Segment Open
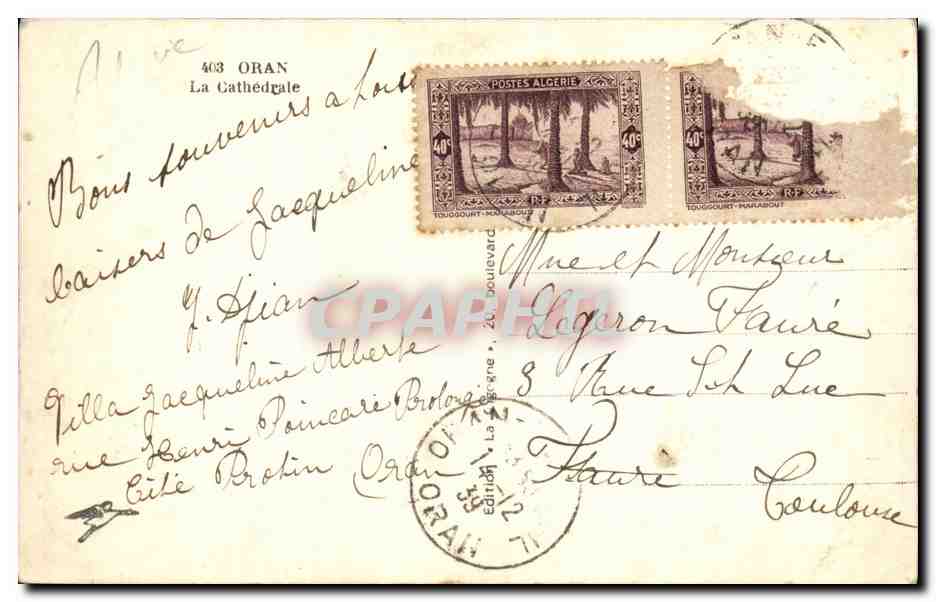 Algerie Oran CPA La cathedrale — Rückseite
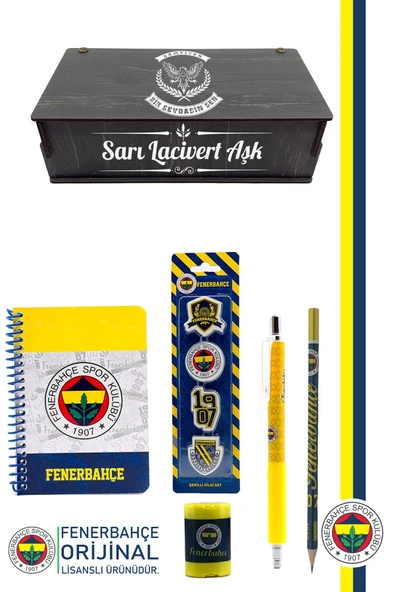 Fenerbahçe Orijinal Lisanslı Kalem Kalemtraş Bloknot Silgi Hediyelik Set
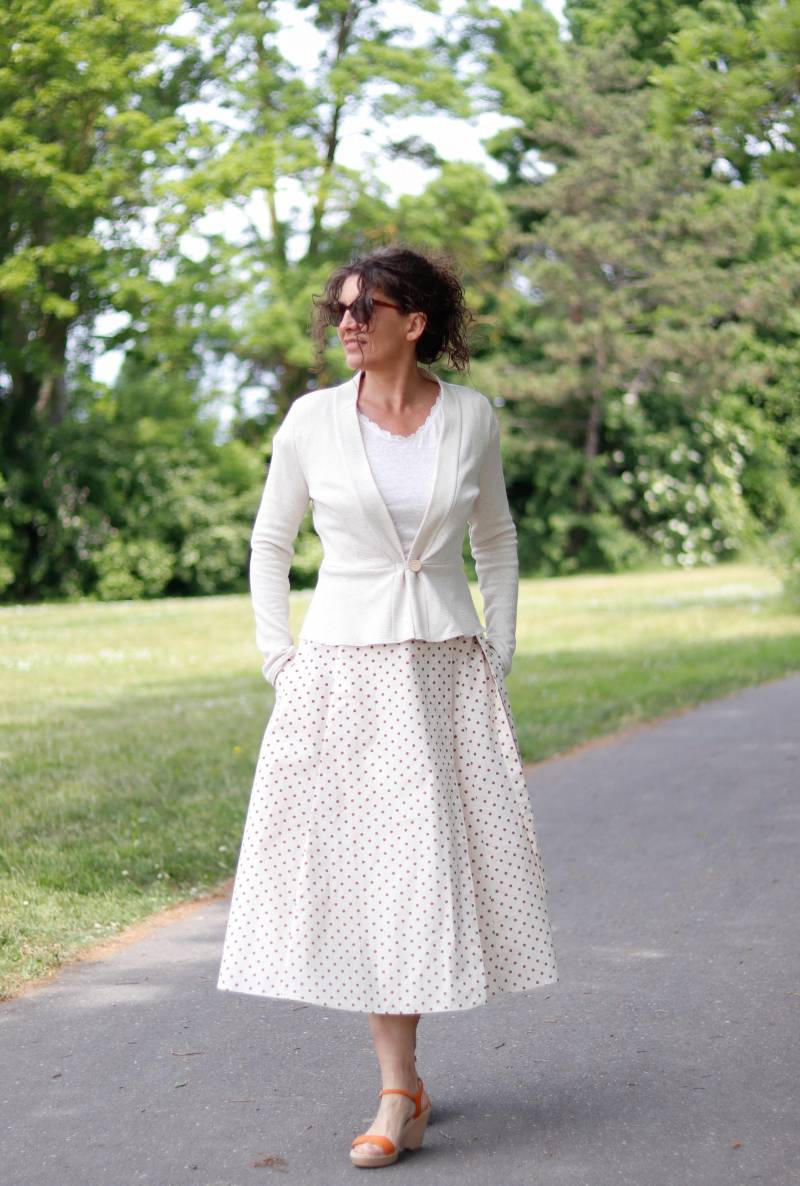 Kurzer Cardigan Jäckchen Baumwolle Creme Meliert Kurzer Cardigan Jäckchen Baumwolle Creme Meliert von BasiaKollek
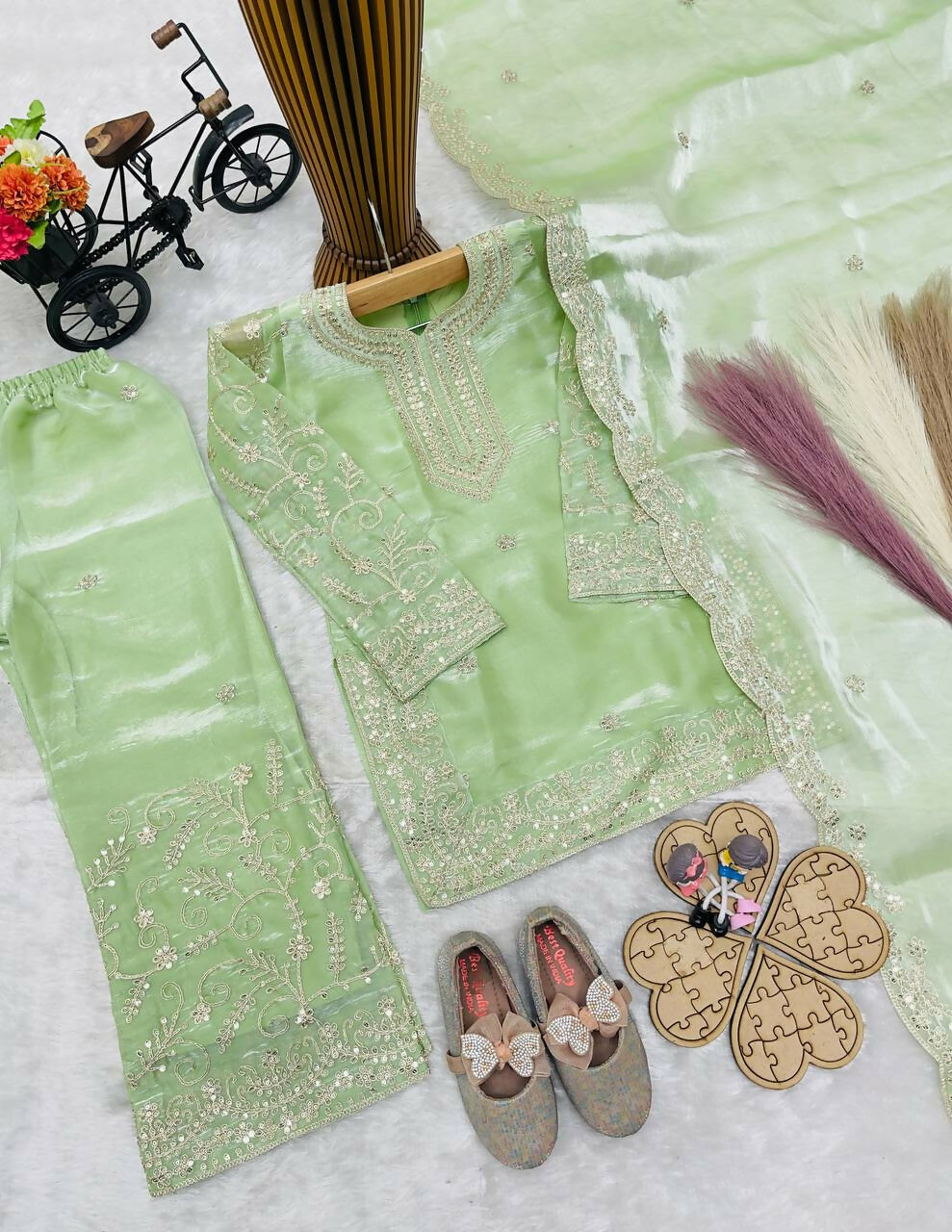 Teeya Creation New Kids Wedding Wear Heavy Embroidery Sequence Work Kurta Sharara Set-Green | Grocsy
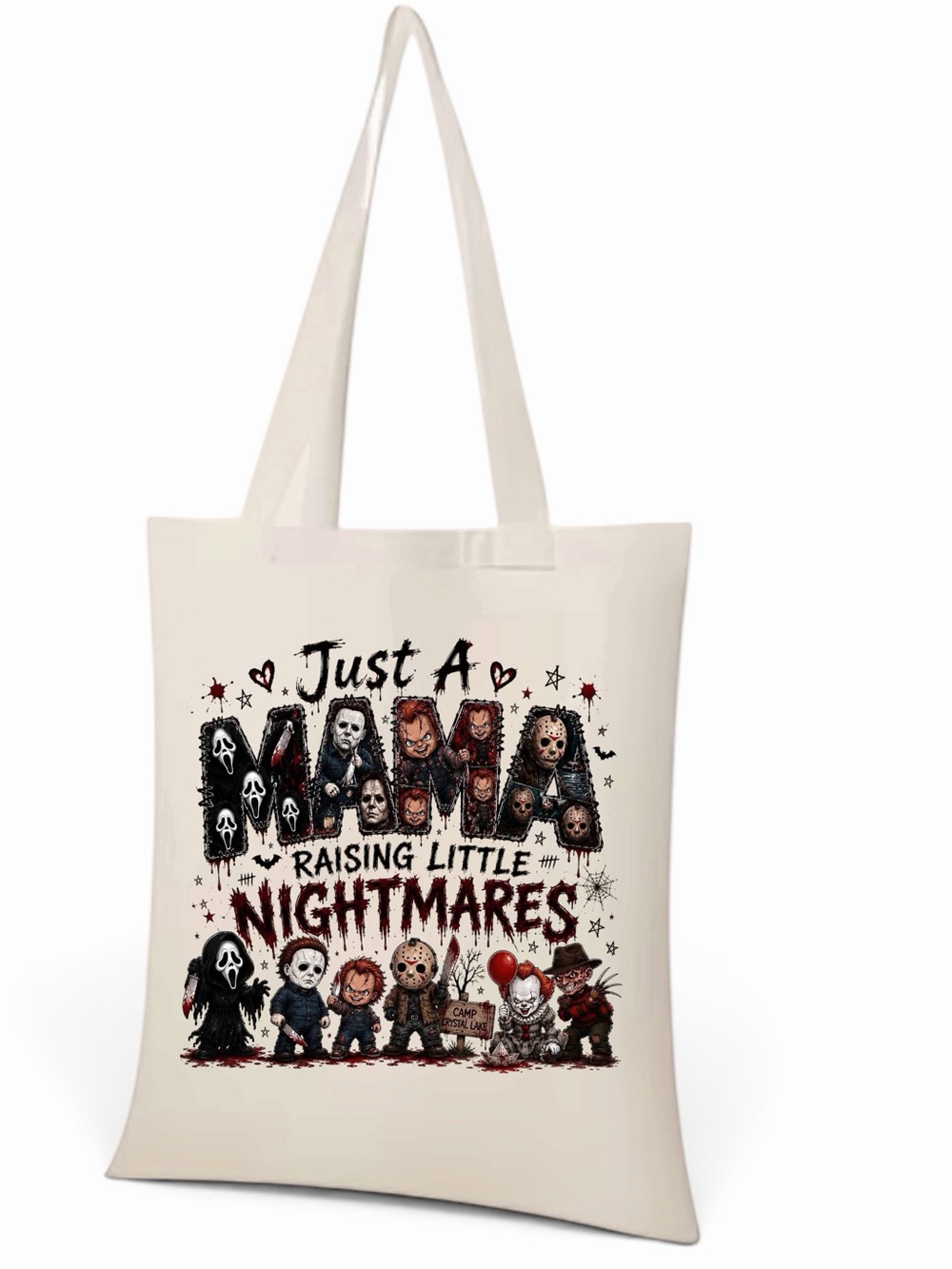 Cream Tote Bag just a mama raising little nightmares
Segment Closed
● **AIM OF THE TASK**
The records must be copied with no word altered, and without their pictures.

● **RESULT**
 Algerie Oran CPA La cathedrale — Rückseite
 Fenerbahçe Orijinal Lisanslı Kalem Kalemtraş Bloknot Silgi Hediyelik Set
 Kurzer Cardigan Jäckchen Baumwolle Creme Meliert Kurzer Cardigan Jäckchen Baumwolle Creme Meliert von BasiaKollek
 Teeya Creation New Kids Wedding Wear Heavy Embroidery Sequence Work Kurta Sharara Set-Green | Grocsy
 Cream Tote Bag just a mama raising little nightmares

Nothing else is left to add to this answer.